Una cadena de gestos automáticos: levantar la mano y agitarla –la señal para que el Señor de Seguridad me abra la puerta–, traspasar la reja y aprontar la pierna derecha para subir el primer escalón. Luego atravesaría el hall, subiría al ascensor y terminaría en el piso 8 con la llave lista para entrar al departamento donde vivo. Pero no. Cuando cerré el portón y levanté la mirada, vi a unos veinte “desmayados” sobre el palier del edificio. Recostados, con los ojos cerrados y los brazos abiertos. Murmurando una oración o entregándose a la emoción sin resistencia. No era todo: una fila de unas cuarenta personas esperaba su turno.
“No pasa nada, eh, hay un cura sanador”, me dijo el Señor de Seguridad que me habrá visto con cara de catástrofe y un pollo de la rotisería en la mano. Me lo dijo como se dice “llueve”, como si la presencia de un cura de ese estilo en el condominio fuera cosa de todos los días.

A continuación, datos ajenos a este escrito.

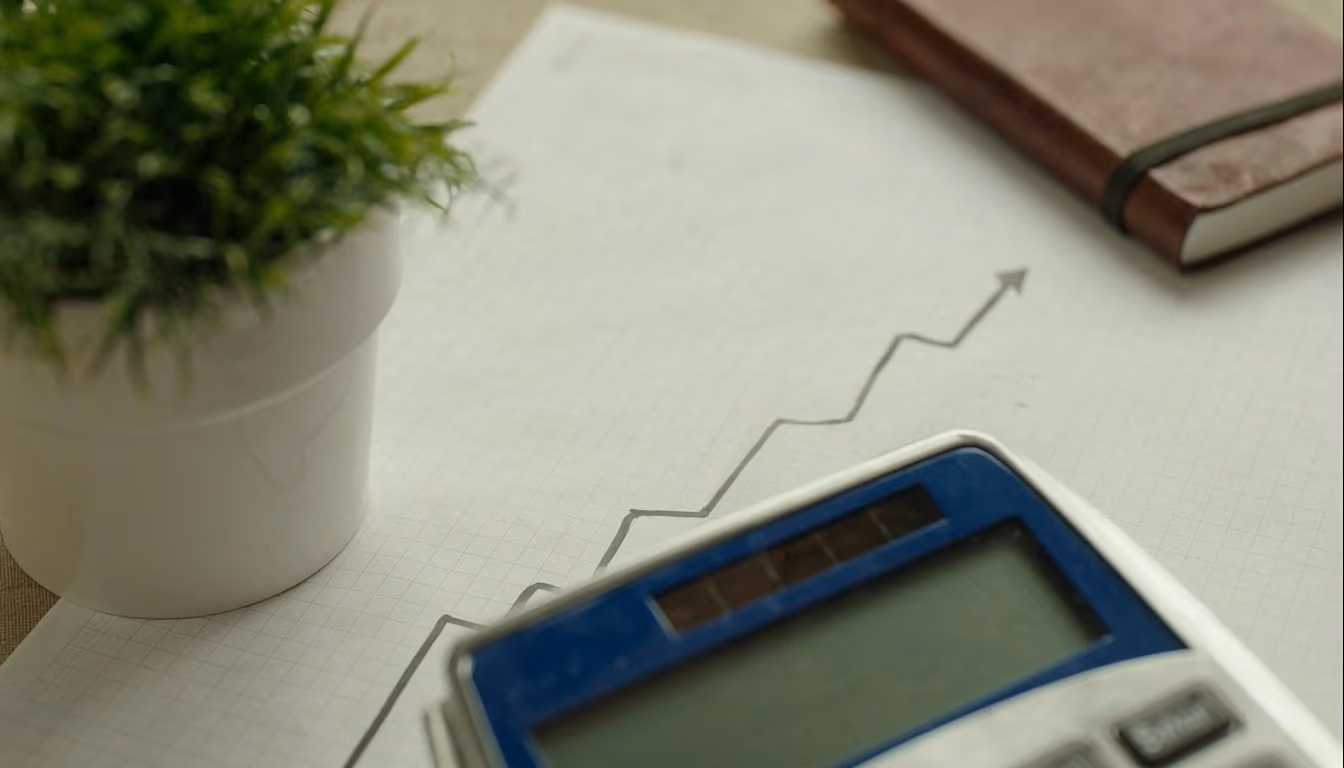 Small potted plant beside calculator and graph paper with ascending arrows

Entonces vi entre la gente a un hombrecito moreno, que vestía una camisa-blanco-ala y pantalón negro, secundado por dos hombres que traducían del inglés al español y atajaban a los fieles.
Buenos Aires suele ser contradictoria. Vivo en un barrio picante pero en una torre que se maneja con la lógica imperativa de un country: una cárcel de mínima seguridad con una pileta metida en un rectángulo de pasto y cámaras de vigilancia estratégicamente ubicadas. Un Gran Hermano de naturaleza domesticada en la que para todo hay multas porque el reglamento interno y los guardianes del orden así lo exigen. La pileta, por ejemplo, se usa de tal a tal hora y no pueden ingresar más de dos invitados por mes.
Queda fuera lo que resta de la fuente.